3. With the broad range of experiences you’ve had, what attracted you to this job? “I used to pray about being the head coach of a high school in the North Georgia mountains when I was a teenager and would go fishing up in Dahlonega. So I always had my eye on this place. My wife’s family lives here in Clayton, 15 minutes south, and Franklin, 15 minutes north. One day I was visiting my wife’s family about eight years ago and I saw Rabun Gap as I was driving. I decided to pull in and introduce myself, ask if they had football. I did not get a job then, but I stayed in contact with the athletic director. When they reached out to me about the opening in February, I jumped on the job. I knew Rabun Gap was the perfect place to build an elite football program. We have an incredible stadium set between the mountains. The academics at Rabun Gap are some of the best in the country, and we have a headmaster who truly values sports and what it really means to be a student-athlete. One look at our website and I believe anyone would agree with me that it would be an incredible place to work.”
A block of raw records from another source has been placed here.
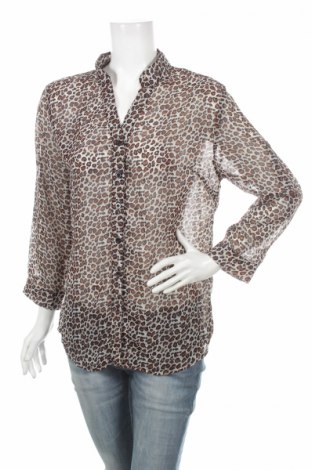 Γυναικείο πουκάμισο Zanzea, Μέγεθος L, Χρώμα Πολύχρωμο, Τιμή 14,23 €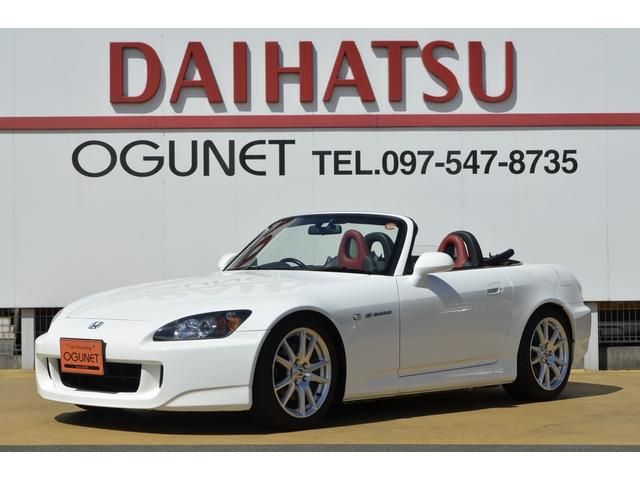 Ｓ２０００ ベースグレード　１３５型高根沢最終モデル　走行距離５６，０００Ｋｍ　６速ミッション車　ＲＳＲＴｉ２０００ダウンサス　ＡＢＡ－ＡＰ１ー１７インチ純正ホイール　Ｊ’ｓレーシングマフラー　赤黒コンビレザーシート（7枚目）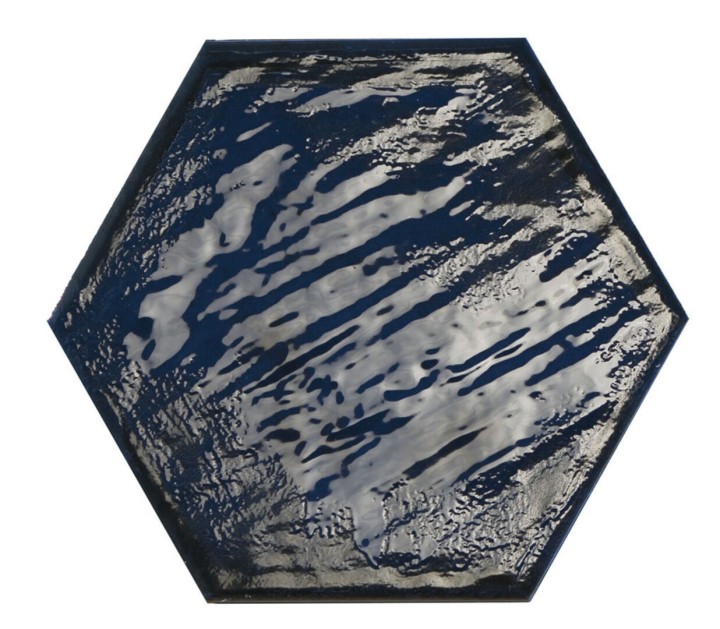 Напольная Prissmacer Rain Blue Hex 19,8х22,8 — фото 2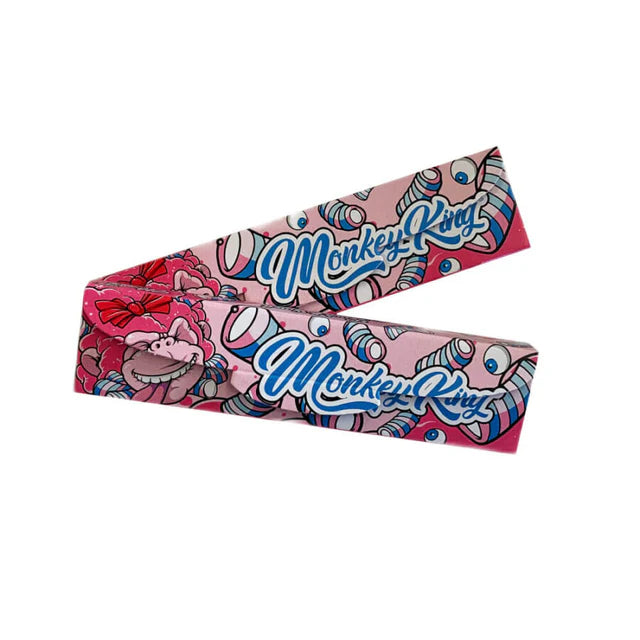 Monkey King Flavoured King Size Slim Papers + Tips (6 Flavours)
4. Going back to your Parkview days, what was it like to play for those historic Panthers teams? And how it might’ve impacted your career path? “Those Panther teams were incredible. The 2002 Parkview Panthers have to be one of the best high school football teams of all time. The coaching staff we had there was truly a blessing to play for. I owe them a lot because what I am teaching here at Rabun Gap is what I got taught at Parkview. What I believe was so special about those teams, and this is what I share with my players all the time: It was never about the trophy at Parkview. It was always about what we did to win it. We were a special group of people who came together for a special goal, but most importantly we would have done anything for each other. Playing at Parkview definitely affected my career path. I want to deliver to my players the experience that we had at Parkview. What we did during the 45-0 run was special but is nothing compared to the way we practiced, prepared and played the game and grew as a family. The coaching staff at Parkview delivered the best high school football experience. I only hope to provide a glimpse to what it was like to my guys. I coach football to build men. I am the man I am today because of the lessons I learned during my time playing for Cecil Flowe at Parkview High School.”